◆ PROBLEM DETAILS ◆
Each line from the first entry to the line with "Firefighter responds to", both included, is to be returned unchanged, with any pictures dropped.

◆ LISTED RECORDS ◆

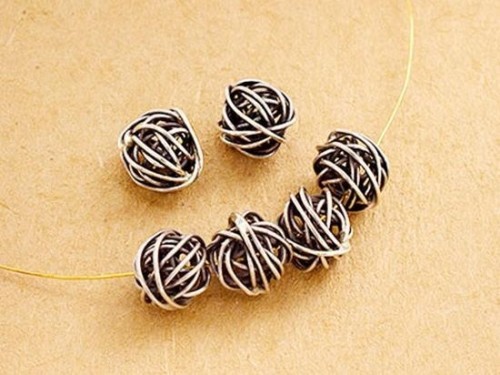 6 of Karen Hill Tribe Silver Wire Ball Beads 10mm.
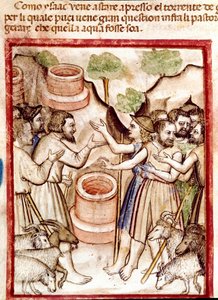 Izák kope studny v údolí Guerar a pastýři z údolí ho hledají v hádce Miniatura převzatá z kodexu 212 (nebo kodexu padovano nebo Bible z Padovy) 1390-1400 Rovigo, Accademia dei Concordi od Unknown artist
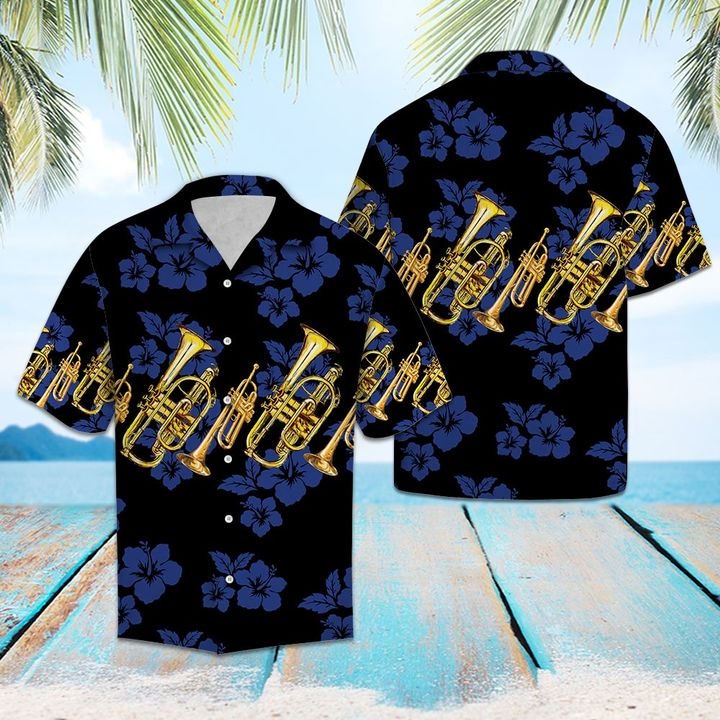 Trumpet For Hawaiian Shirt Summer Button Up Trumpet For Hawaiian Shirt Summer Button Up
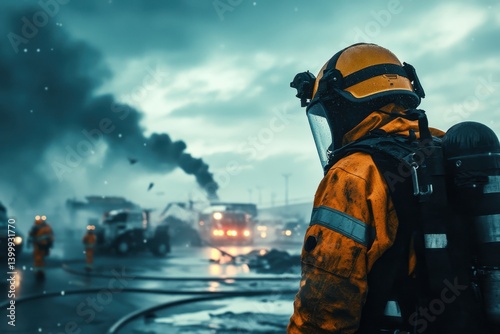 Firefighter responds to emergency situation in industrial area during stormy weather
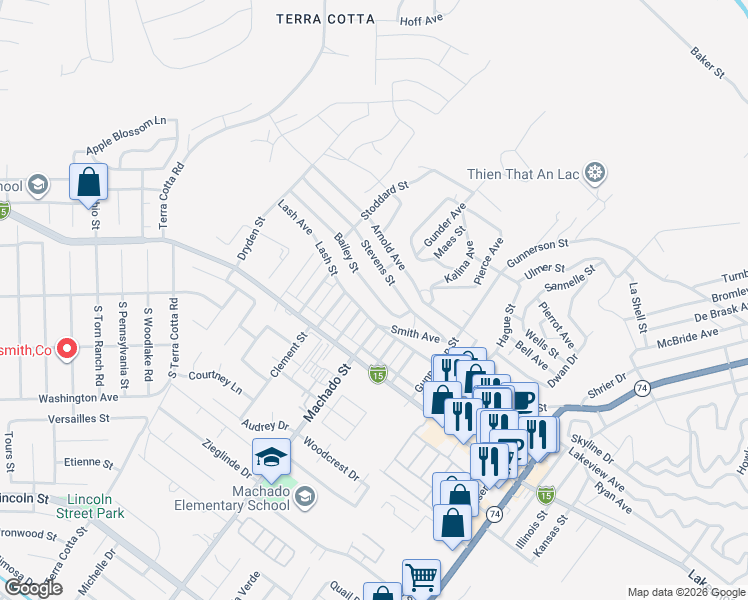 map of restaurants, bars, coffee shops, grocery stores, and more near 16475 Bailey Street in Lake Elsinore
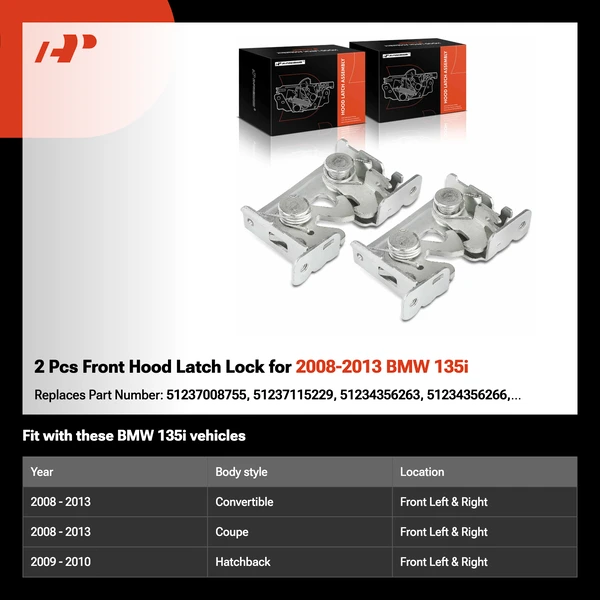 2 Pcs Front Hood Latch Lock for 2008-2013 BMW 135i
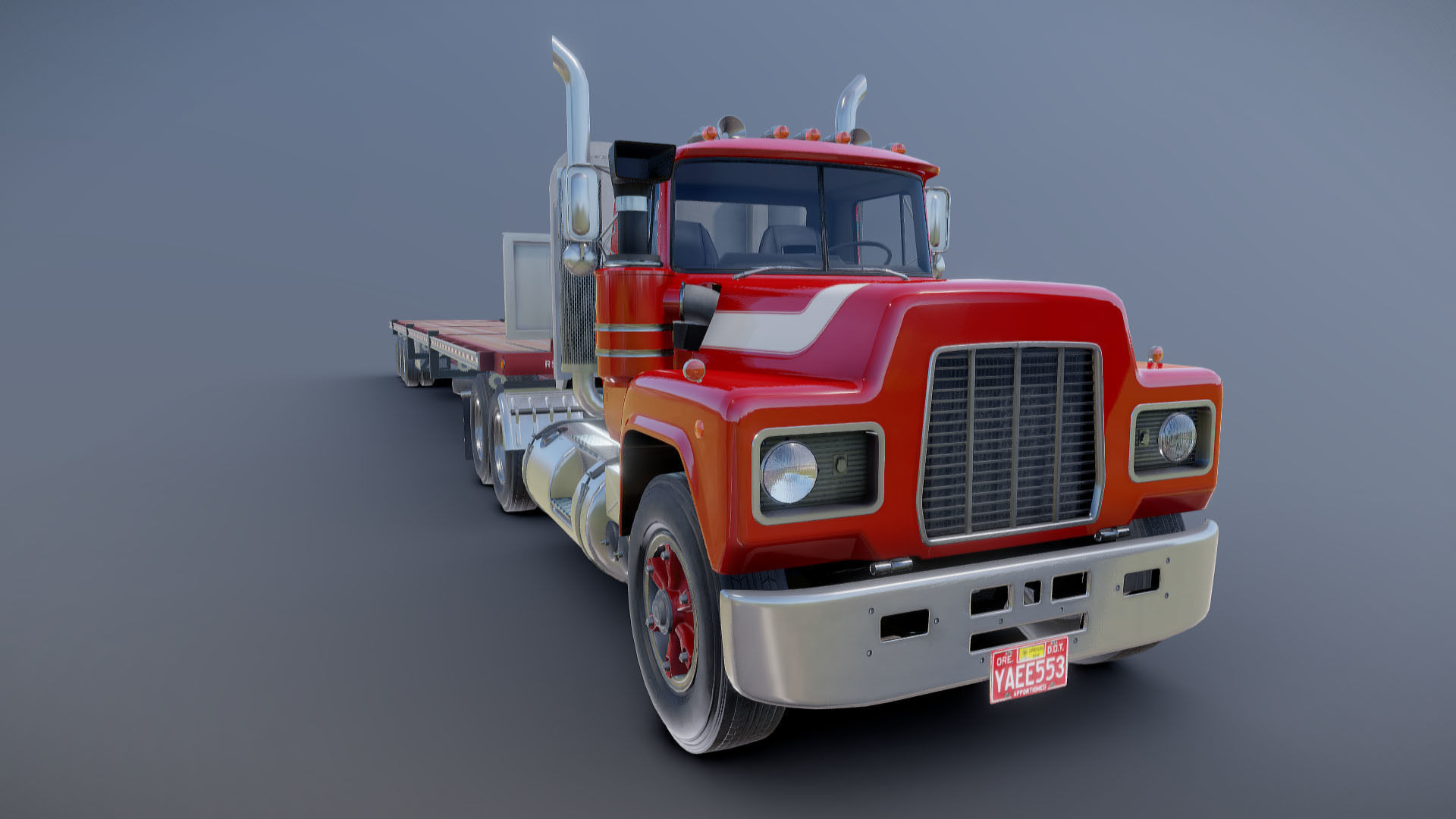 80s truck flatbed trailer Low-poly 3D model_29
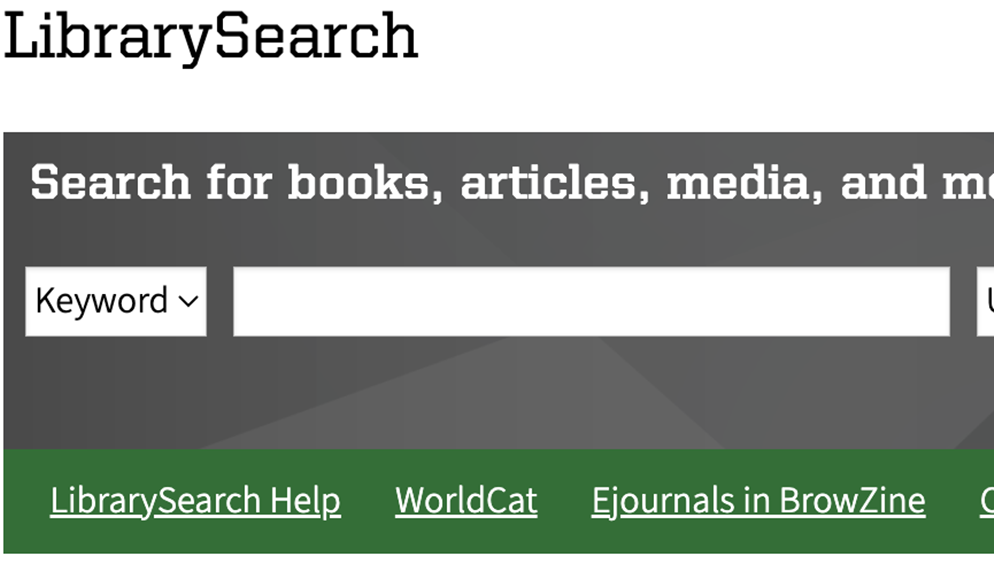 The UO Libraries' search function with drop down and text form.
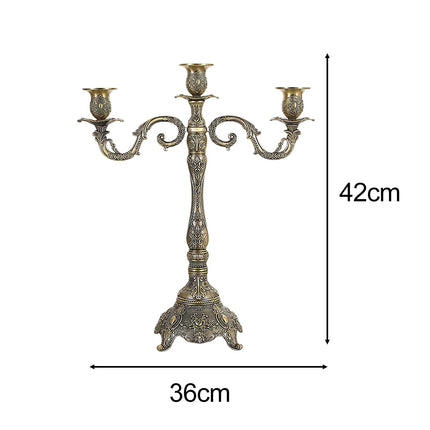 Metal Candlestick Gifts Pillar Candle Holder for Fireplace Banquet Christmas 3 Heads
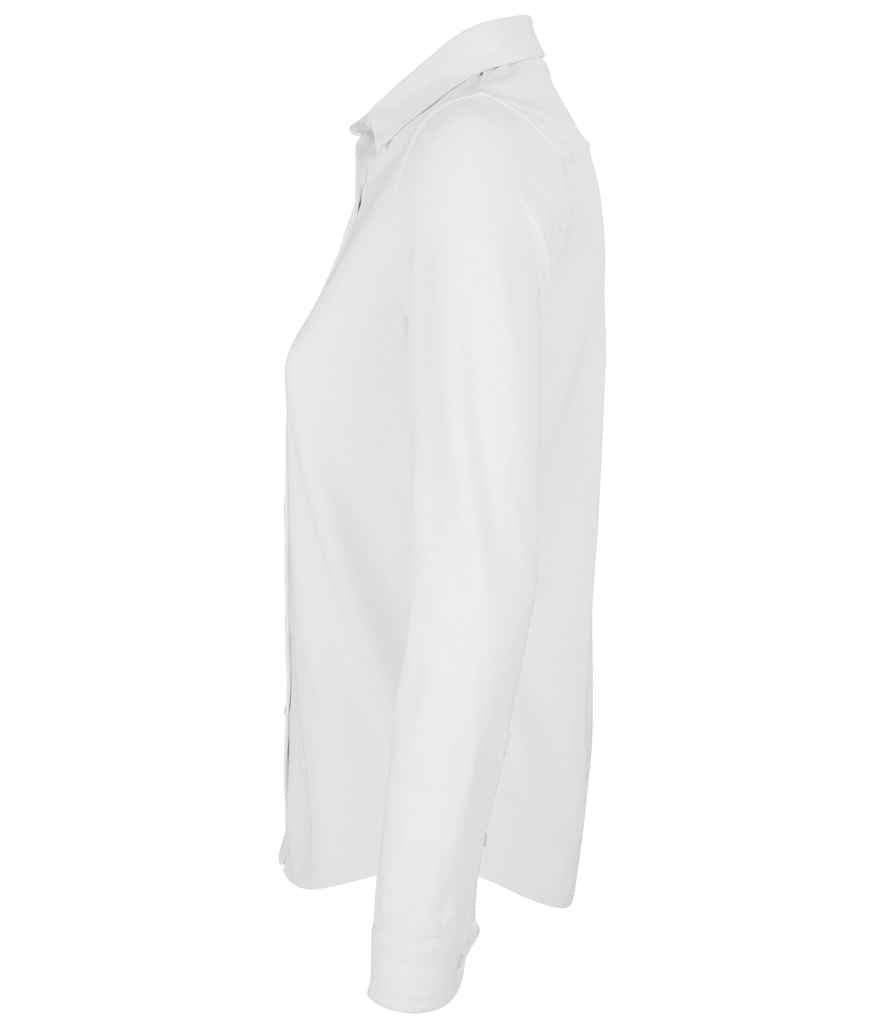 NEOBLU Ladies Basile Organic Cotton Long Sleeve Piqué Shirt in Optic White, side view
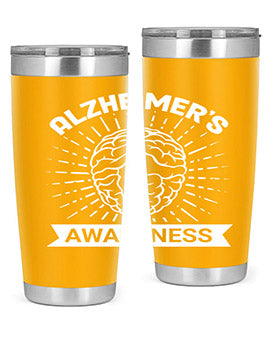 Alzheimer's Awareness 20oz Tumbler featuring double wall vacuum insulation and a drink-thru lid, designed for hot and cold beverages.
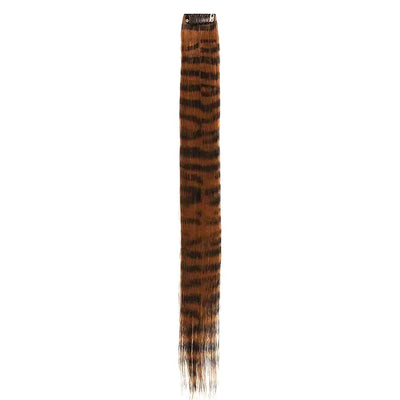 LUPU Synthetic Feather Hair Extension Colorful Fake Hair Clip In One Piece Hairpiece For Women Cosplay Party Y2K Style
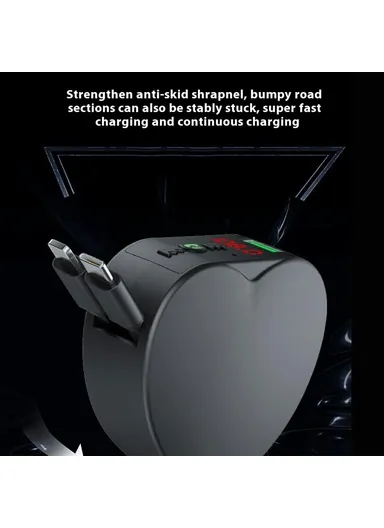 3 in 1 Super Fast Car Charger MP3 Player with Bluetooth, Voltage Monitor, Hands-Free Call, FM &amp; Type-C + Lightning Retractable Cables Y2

◆ COMPLETED EXERCISE ◆
 6 of Karen Hill Tribe Silver Wire Ball Beads 10mm.
 Izák kope studny v údolí Guerar a pastýři z údolí ho hledají v hádce Miniatura převzatá z kodexu 212 (nebo kodexu padovano nebo Bible z Padovy) 1390-1400 Rovigo, Accademia dei Concordi od Unknown artist
 Trumpet For Hawaiian Shirt Summer Button Up Trumpet For Hawaiian Shirt Summer Button Up
 Firefighter responds to emergency situation in industrial area during stormy weather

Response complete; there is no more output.